Initiative 3: Condolences for UN Mission Personnel
Two Indian soldiers were killed in the UN compound at Akobo defending our countrymen and women. It was agreed that a message of condolence from the Diaspora should be presented to representatives of the UN and the Indian High Commission in the UK.
Initiative 4: Social Media Campaigning
It was acknowledged that much unhelpful divisiveness originates from the international diaspora via social media. It was agreed that the London Community should throw its weight behind social media campaigns such as #MyTribeIsSouthSudan and #iChoosePeace and that all members should seek to present a conciliatory attitude in their online interactions.
Initiative 5: Personal Outreach
It was agreed that members of the community can reach out to their family and friends back home with a message of peace and reconciliation and making personal appeals for a grass roots deescalation of tensions and rejection of retributive violence.

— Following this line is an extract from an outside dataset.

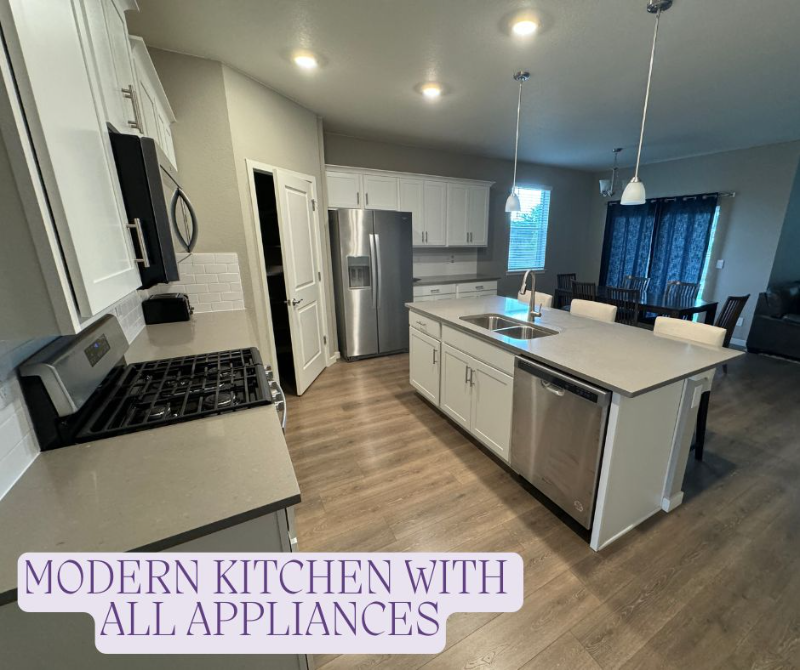 Fort Collins House: 4202 Fox Grove Dr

Initiative 6: Media Management
It was agreed that the international media commentary is in need of a consistent message from those in the diaspora who might be approached to comment. Whilst it is appreciated that there are diverse views, any interaction with the media should emphasize:
- The need for dialogue and a negotiated settlement.
- A speedy return to a state of peace.
- The priority of the safety and security of all civilians and their property.
- The positive actions that the community is willing and preparing to undertake.
Initiative 7: Information Management
It was agreed that there is a lack of clear information about what is happening on the ground in the conflict areas. The community can pool their sources of information and ensure that first hand and corroborated information is made known. This will improve people’s awareness, peace of mind and ability to comment in a more informed manner.
Initiative 8: Messages of Condolence
Many members of the community in the UK are grieving for loved ones who have been caught up in the crisis and have either lost their lives or have been seriously injured. It was agreed that as a community, we should endeavour to pass on our condolences and show solidarity and support to our grieving members regardless of tribe or ideological persuasion.
The Voices of the Participants
Below are some comments from those participating in the meeting.
“I love my country. This thing is really touching my heart.”
“We are not taking sides. We are South Sudanese citizens.”
“What is happening is affecting me greatly. I can’t sleep at night.”
“As a mother, I am deeply troubled by what it happening in South Sudan.”
“There are those inciting our youth to kill each other.”
“I have lost some myself.”
“Let us come and join and talk as the children of one mother.”
“Why the confusion, why the disagreement, why the conflict? We used to say it was Khartoum. Now I don’t know why.”
“Don’t take arms against your brother; you will build your house with him.”
“We must send our condolences to those who have lost family members.”
“South Sudan needs healing, it needs time and our youths need education.”
“The problems are with us all and we all have to fix them, starting with ourselves here.”